Insurance Industry Overview

To provide an insurance industry overview, it is best to first define insurance. It is a contract set in place by an insurance company to offer financial or loss protection to an individual or entity. There are many options available, and it is best to make a comparison to find the package most suitable to your budget and purposes. Each package will have different options, so weigh the cost carefully when considering your individual requirements.

Be aware that whilst a low monthly premium may be desirable, it could indicate that the individual is underinsured. If the loss exceeds the insured amount, the individual will be responsible for recouping those losses on his or her own dime. Bear in mind that a deductible amount is required by all insurance companies, so that amount should be factored into the total cost. That said, there are quite a few package types available from which to choose.

Personal property insurance provides cover for homeowners by providing protection for common household items, thus the contents are not specified (individually insured), but are listed, accumulating a specific cover value. These items will fall into the categories of household furnishings, kitchen and household appliances, clothing and electronic equipment.
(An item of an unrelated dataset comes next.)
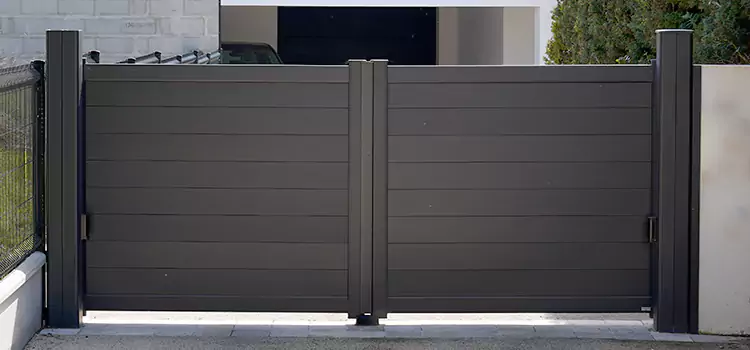 Common Residential Gate Issues We Resolve in Tampa, FL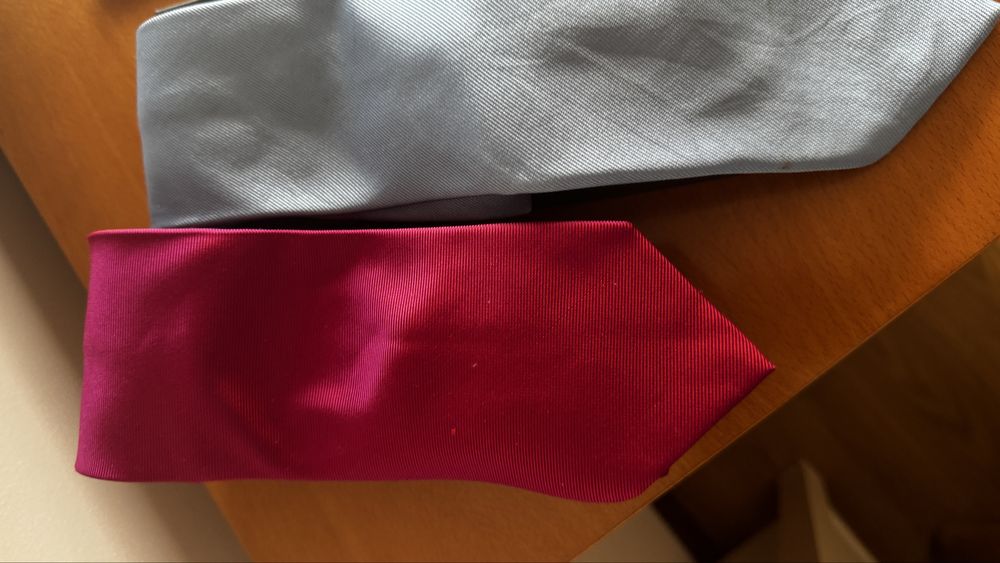 Gravata BOSS variadas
Life insurance is taken out by an individual to ensure that the beneficiary will receive a lump sum upon his or her death. This guards against the difficulties experienced by the impact of the individual’s death, which may result in loss of income, along with funeral costs and other unforeseen expenses like medical bills and mortgage payments.
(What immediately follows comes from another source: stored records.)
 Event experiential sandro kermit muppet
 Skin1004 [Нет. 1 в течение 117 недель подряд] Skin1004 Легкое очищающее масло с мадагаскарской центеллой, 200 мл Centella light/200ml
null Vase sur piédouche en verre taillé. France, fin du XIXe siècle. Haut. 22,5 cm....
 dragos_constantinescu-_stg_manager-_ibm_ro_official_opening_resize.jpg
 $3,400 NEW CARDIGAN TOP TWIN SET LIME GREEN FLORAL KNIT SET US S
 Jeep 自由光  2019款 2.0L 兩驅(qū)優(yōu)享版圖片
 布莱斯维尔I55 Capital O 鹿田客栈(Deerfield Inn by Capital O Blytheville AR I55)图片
Stop loss insurance, or reinsurance, is a popular option and is often referred to as insurance for insurers. The risk portfolio in question is transferred to another party in a ploy to reduce the size of the payment when the insurer must finally honour the insurance contract.
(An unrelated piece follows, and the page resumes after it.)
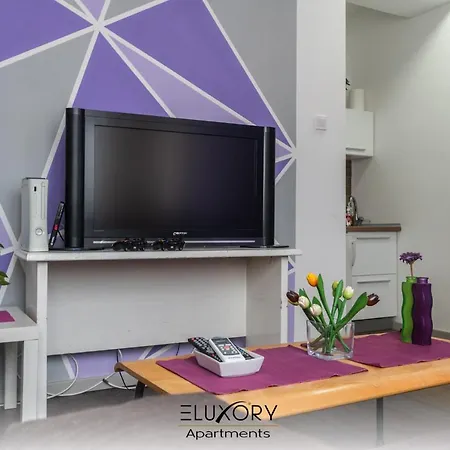 Eluxory * סקופיה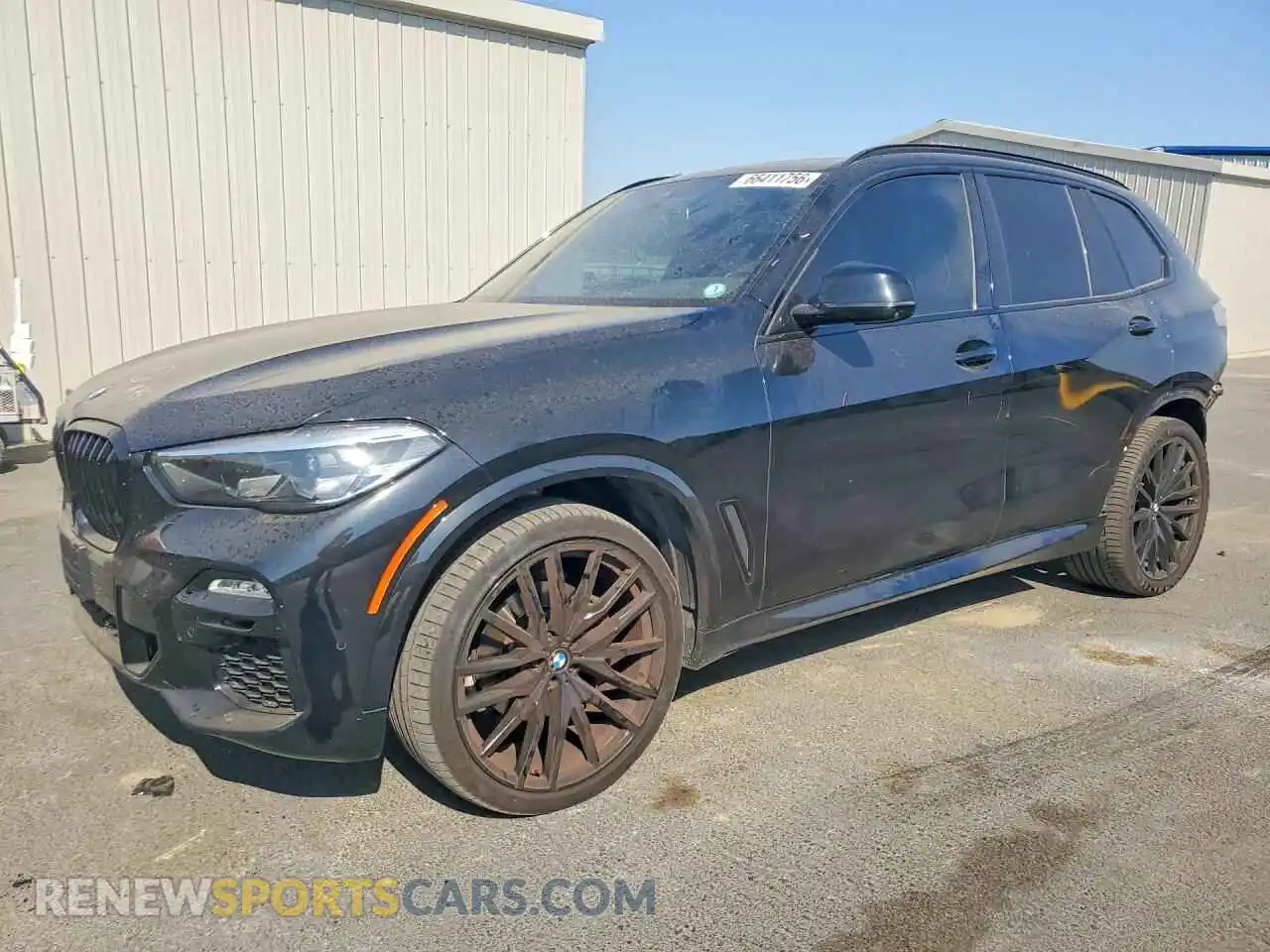 1 Photograph of a damaged car 5UXCR6C00M9F45975 BMW X5 2021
By opting for a whole life insurance policy, the beneficiary will not only receive a payment upon the death of the insured, but a cash amount, which the beneficiary may withdraw or borrow against, is accumulated. This differs to term life insurance, which pays out a specific sum upon the policy’s maturity date. Permanent life insurance does not expire and acts as a savings plan for the insured, and is often utilised to meet the insured individual’s future goals for, say, education.

This differs slightly from universal life insurance, which offers low cost protection, much like term life insurance, but with an added savings feature, and the premiums are alterable should the insured individual’s circumstances require it.